**Work task**
The material below holds the lines to copy: from the one with "Туфли оксфорды женские 40 р, нат.кожа" up to and including the one with "Надувний човен Kolibri K-280Т (світло-сіра)". Copy them exactly and skip the pictures.

**Data supplied**
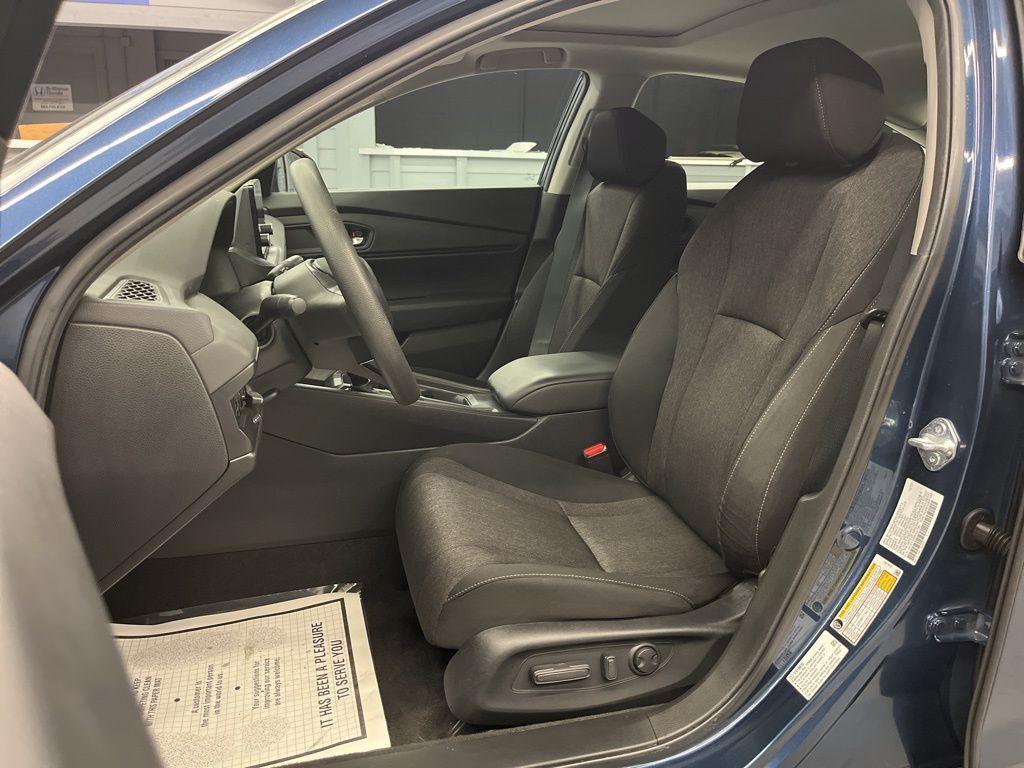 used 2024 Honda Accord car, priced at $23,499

...

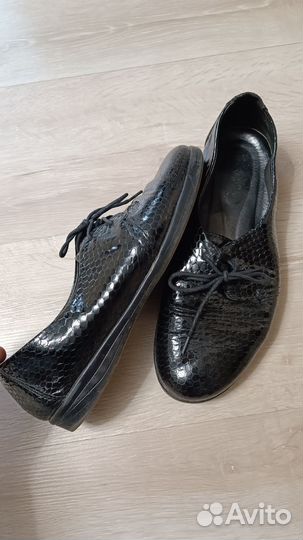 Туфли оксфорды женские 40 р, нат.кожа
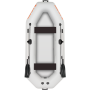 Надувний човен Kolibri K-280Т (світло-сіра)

**Answer space**
 Туфли оксфорды женские 40 р, нат.кожа
 Надувний човен Kolibri K-280Т (світло-сіра)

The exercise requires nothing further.